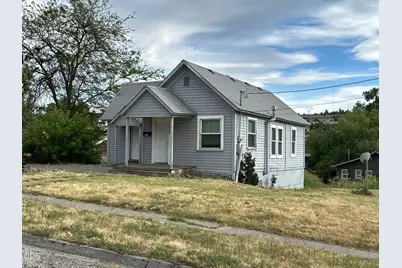 726 N 2nd Street, Klamath Falls, OR 97601 - Photo 1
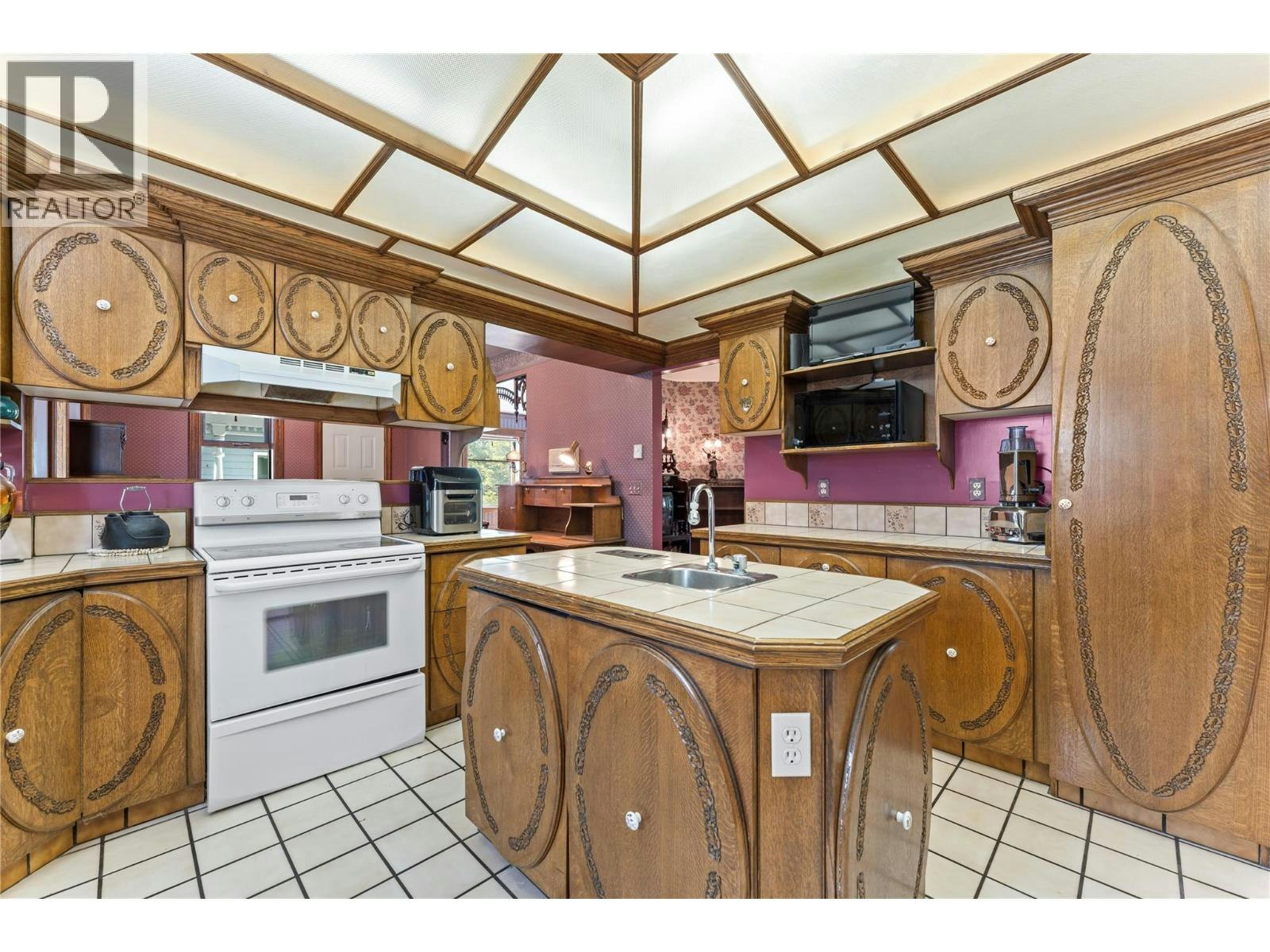 4345 June Springs Road, Kelowna, BC, V1W 4C8 - 14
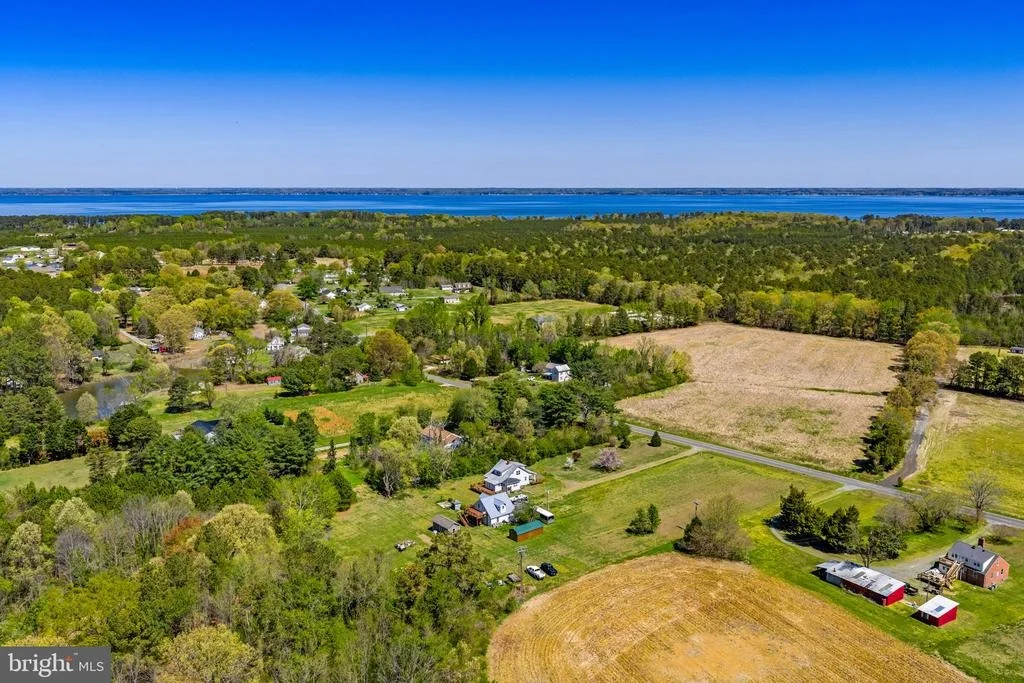 Photo of 4809 COLES POINT ROAD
++++++
## [WHAT YOU WILL DO]
In copying the material, drop all pictures and keep everything else identical.

## [RESULT OF THE TASK]
 726 N 2nd Street, Klamath Falls, OR 97601 - Photo 1
 4345 June Springs Road, Kelowna, BC, V1W 4C8 - 14
 Photo of 4809 COLES POINT ROAD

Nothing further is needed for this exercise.